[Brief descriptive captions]

○ ○ ○ ○ ○

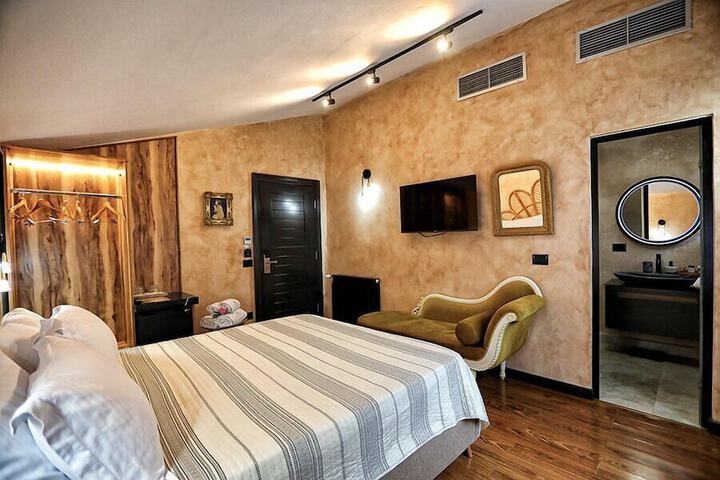 Room 10 of 56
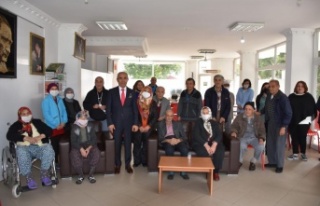 73 yaşındaki demir adam, huzurevi sakinlerine moral...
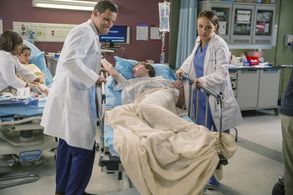 Justin Chambers, Chandra Wilson, Camilla Luddington, AJ Achinger, and Nicolas Bechtel in Grey's Anatomy (2005)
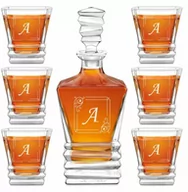 Karafki - Karafka geometric z 6 szklankami i grawerowanym inicjałem - miniaturka - grafika 1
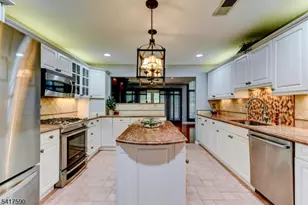 12 Aynsley Ct, Montville Township, NJ 07045 - Photo 27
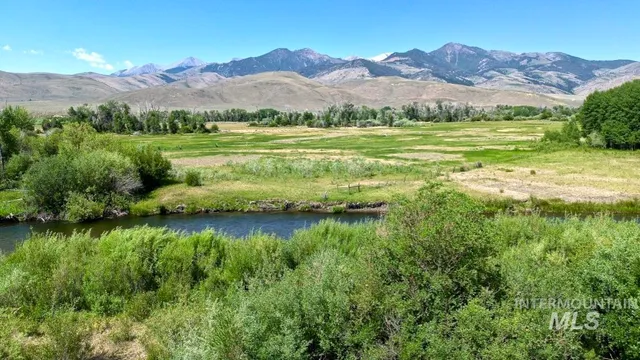 $525,000 | 4237 Summit Drive, Mackay, ID 83251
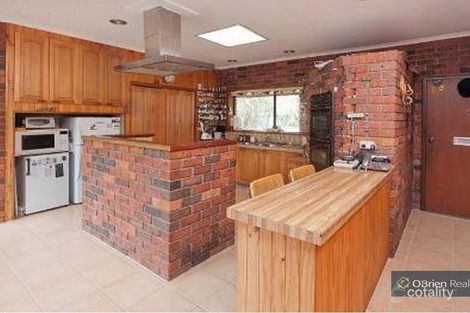 Property photo of 21 Fiona Drive Cranbourne South VIC 3977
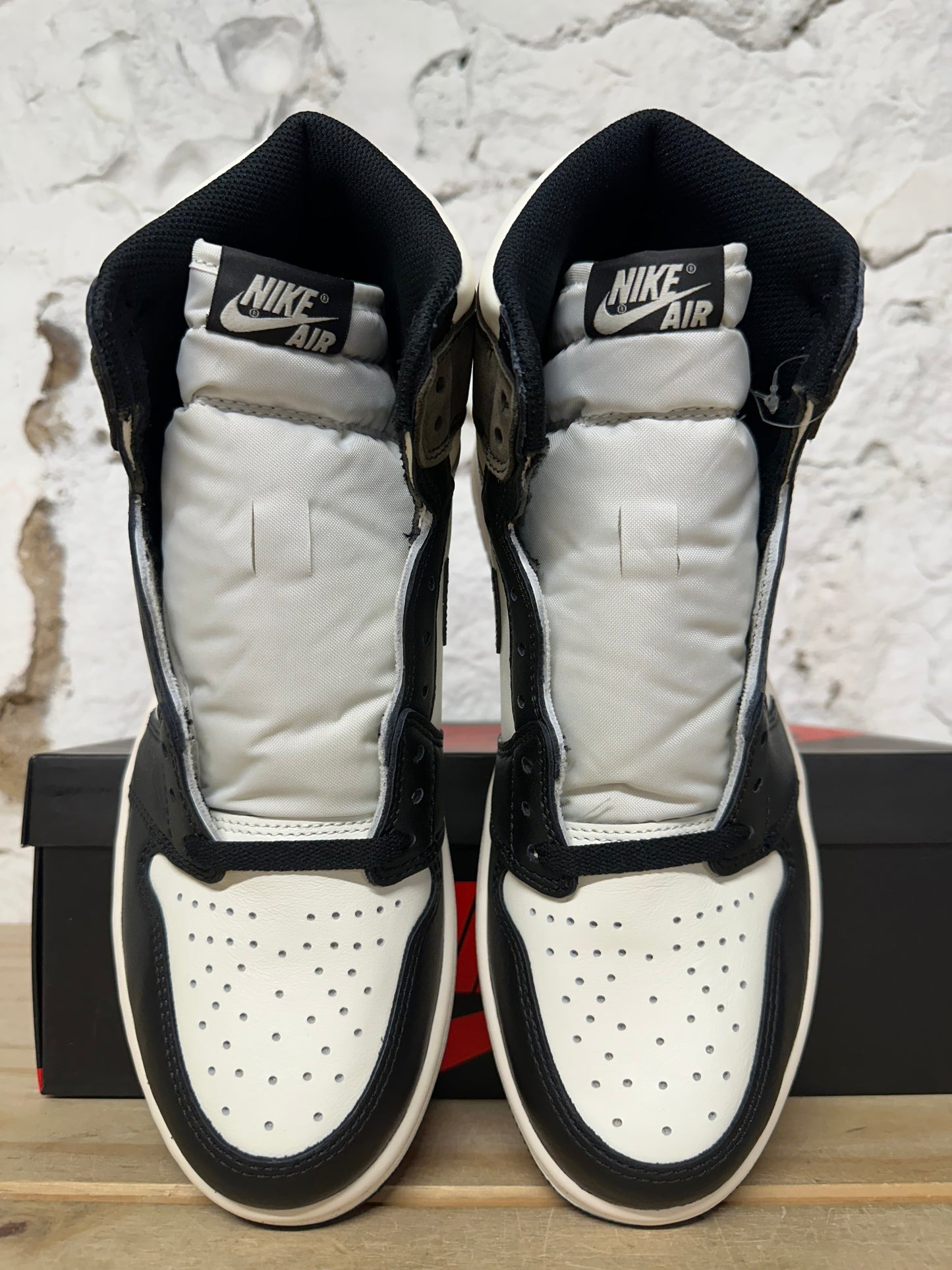 Air Jordan 1 High Mocha Sz 10 DS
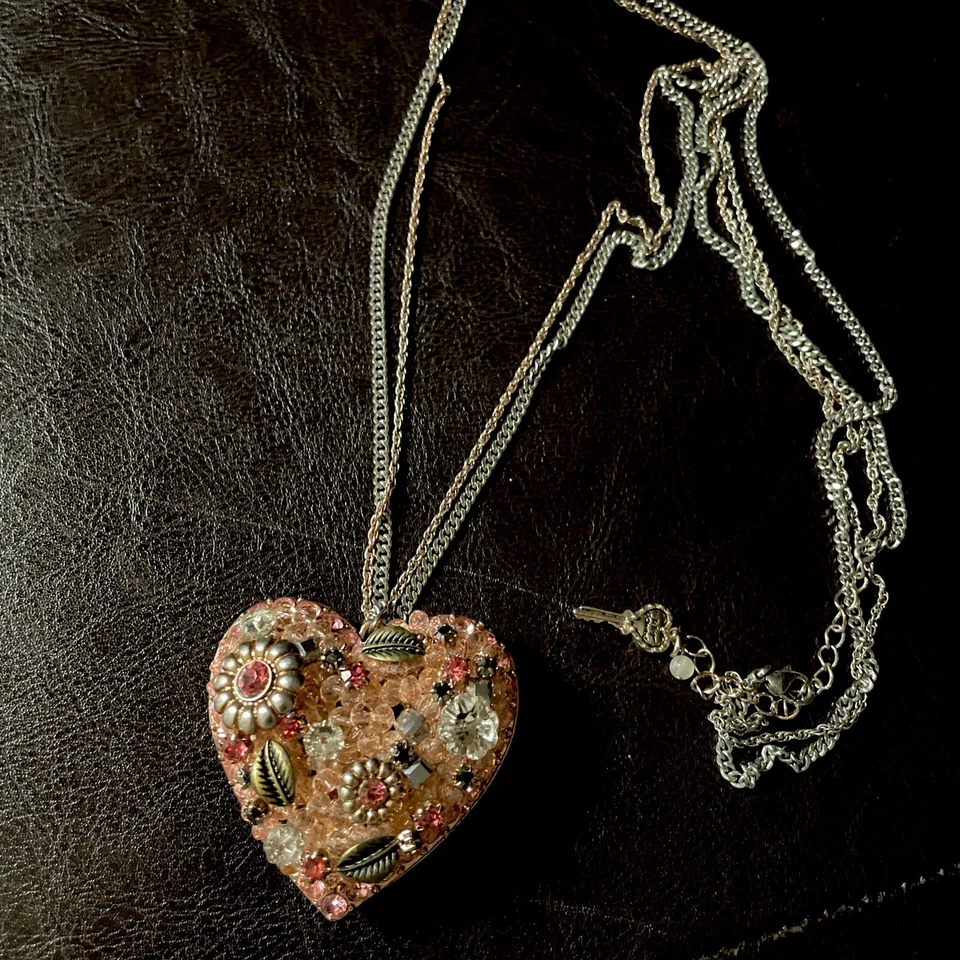 (2012) Collar Corazón Floral Rosa y Plata Betsey Johnson Foto 2 de 4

○ ○ ○ ○ ○

> _Assignment_:
What is wanted is an exact copy of the lines from the line with "Air Jordan 1 High Mocha Sz 10 DS" through the end of the records, both ends included, pictures excluded.

> _Result of this task_:
 Air Jordan 1 High Mocha Sz 10 DS
 (2012) Collar Corazón Floral Rosa y Plata Betsey Johnson Foto 2 de 4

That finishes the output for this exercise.